Si ella intervenía, sería vista como la amante entrometida que buscaba destruir el amor verdadero.

A pesar de estar a punto de divorciarse.

Alguien de la multitud le gritó a Vera: —¡Sí, la niña se está muriendo, deja de molestar!

—Señorita, ¿no sabe quién es ella? ¡Es una doctora prodigio y la prometida del Señor Zambrano! Digo, ¿su esposa? Gente común como usted no debería intervenir y bloquear el paso de la doctora Iriarte.

Las palabras casi la hicieron reír a carcajadas.

¿Acaso se suponía que ella también debía aplaudirles y felicitarlos por ser la pareja perfecta?

Vera se llevó una mano a la cintura, aguantando el dolor. Miró fríamente a Silvana, que ya se había agachado junto a la niña para aplicar los primeros auxilios.

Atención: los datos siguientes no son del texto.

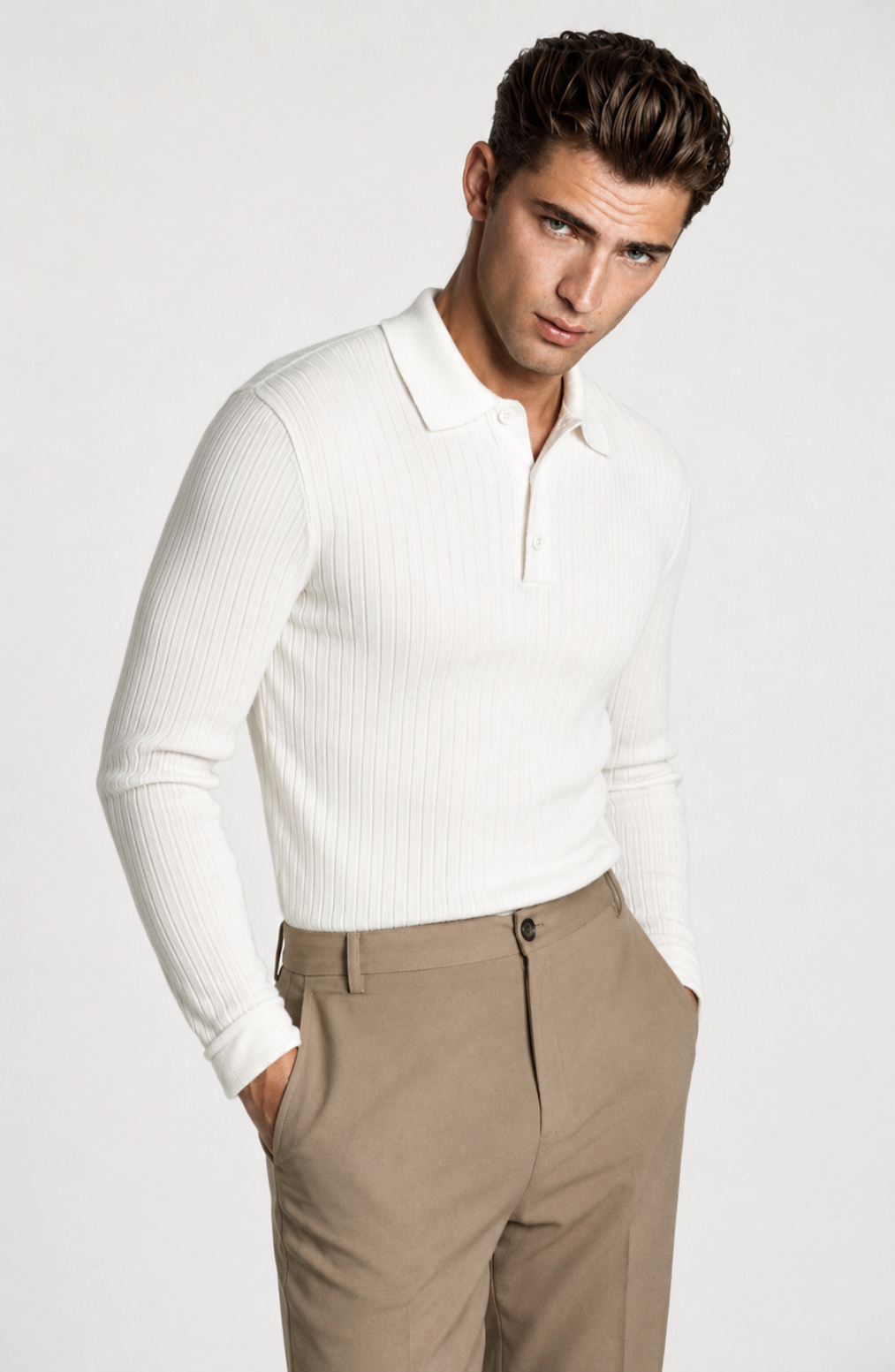 Jovera Joyce Auremont Ribbed Polo Knit Pullover Jovera Joyce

La madre estaba al borde del colapso, llorando a mares y temblando tanto que apenas podía sostener a su hija.

Sebastián se había quedado fuera del círculo de curiosos.

Levantó apenas la vista, rozó con la mirada a Vera, pero no hizo el menor amago de acercarse.

Vera lo sabía perfectamente; él la vio caer y lastimarse.

Pero como no le importaba en absoluto, ni siquiera se le ocurriría tenderle la mano.

Solo observaba como un espectador más.

Tampoco esperaba que su futuro exmarido sintiera pena por ella. Se apoyó con las manos y se puso de pie sola.